Virus classification
- (unranked): Virus
- Realm: Riboviria
- Kingdom: Orthornavirae
- Phylum: Kitrinoviricota
- Class: Alsuviricetes
- Order: Hepelivirales
- Family: Hepeviridae
- Subfamily: Orthohepevirinae

= Orthohepevirinae =

Subfamily of viruses

Orthohepevirinae is a subfamily of viruses assigned to the family Hepeviridae. Viruses in the subfamily, called orthohepeviruses, have virions that are characterized by round, non-enveloped and isometric capsids with a diameter of 27–34 nm.
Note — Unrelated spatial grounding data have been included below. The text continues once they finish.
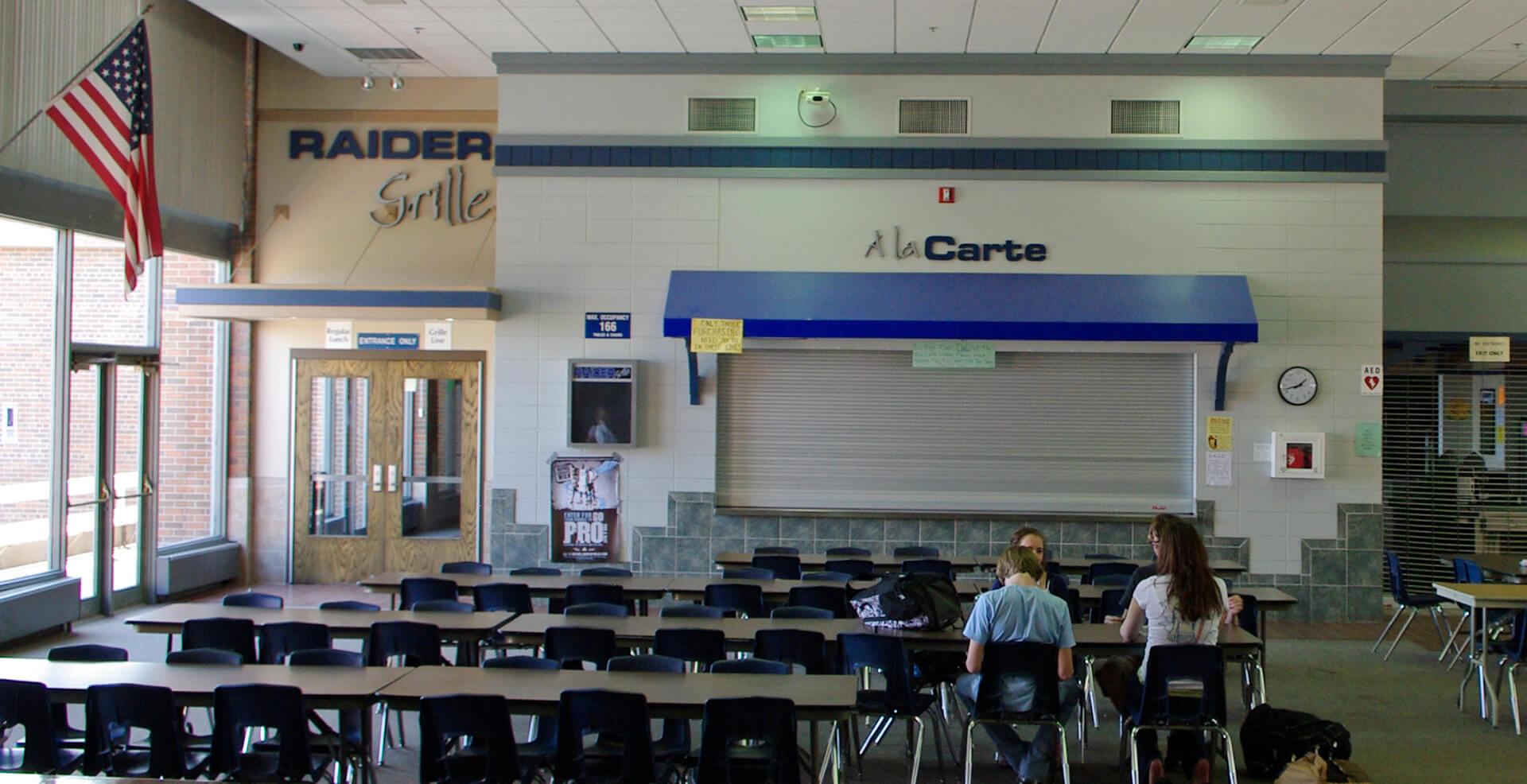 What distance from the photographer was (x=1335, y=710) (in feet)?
25.7

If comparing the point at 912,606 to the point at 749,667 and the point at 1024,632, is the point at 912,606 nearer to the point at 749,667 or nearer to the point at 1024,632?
the point at 1024,632

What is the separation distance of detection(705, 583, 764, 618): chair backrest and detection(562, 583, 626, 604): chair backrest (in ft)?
2.13

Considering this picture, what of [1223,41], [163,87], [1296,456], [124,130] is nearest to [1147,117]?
[1223,41]

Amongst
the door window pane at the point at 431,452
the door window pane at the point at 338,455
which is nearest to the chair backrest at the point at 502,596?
the door window pane at the point at 431,452

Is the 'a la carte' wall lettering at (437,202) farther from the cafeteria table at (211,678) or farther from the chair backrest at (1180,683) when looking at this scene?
the chair backrest at (1180,683)

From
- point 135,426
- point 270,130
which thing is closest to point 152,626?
point 135,426

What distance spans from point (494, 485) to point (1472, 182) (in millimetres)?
10543

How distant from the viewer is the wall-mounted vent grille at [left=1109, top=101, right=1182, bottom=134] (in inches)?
436

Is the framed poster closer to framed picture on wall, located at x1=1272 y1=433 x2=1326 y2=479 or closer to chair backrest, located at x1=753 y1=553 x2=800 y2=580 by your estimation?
chair backrest, located at x1=753 y1=553 x2=800 y2=580

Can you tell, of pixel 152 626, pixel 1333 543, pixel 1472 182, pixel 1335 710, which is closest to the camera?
pixel 152 626

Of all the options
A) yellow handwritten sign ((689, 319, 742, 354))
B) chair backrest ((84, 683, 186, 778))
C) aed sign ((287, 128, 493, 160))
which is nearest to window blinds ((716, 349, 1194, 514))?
yellow handwritten sign ((689, 319, 742, 354))

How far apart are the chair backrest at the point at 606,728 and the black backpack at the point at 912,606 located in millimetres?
1931

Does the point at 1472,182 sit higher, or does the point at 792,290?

The hepatitis E virus belongs to this subfamily as the species Paslahepevirus balayani.

==Genome==
Orthohepeviruses have RNA genomes of 7176 nucleotides in length and infect vertebrates. Additionally, the genome is monopartite, linear, and single-stranded. The genome is 5' capped with a poly A tail at the 3' end. The genome possesses three main open reading frames. The first encodes non-structural proteins, the second encodes the capsid proteins, and the third encodes a small, multifunctional protein.

==Hosts==
Viruses from this subfamily have been isolated from a variety of mammals (including rodents, mustelids and bats) as well as birds. At least three variants of avian hepatitis E virus have been isolated from birds.

==Evolution==
One study has suggested that hepeviruses may have originated in birds and then spread to bats and other mammalian species.

==Taxonomy==
The subfamily contains the following genera:
- Avihepevirus
- Chirohepevirus
- Paslahepevirus, which contains Hepatitis E virus
- Rocahepevirus

==History==
Hepatitis E was first isolated in 1990. It was thought to be restricted to humans until 1997 when it was isolated from pigs. The first isolation from birds was in 2001.

The subfamily shares the name (Orthohepe-) of the former genus Orthohepevirus. This genus was abolished and orthohepeviruses were promoted to the rank of subfamily in 2022 with the establishment of the subfamily that year.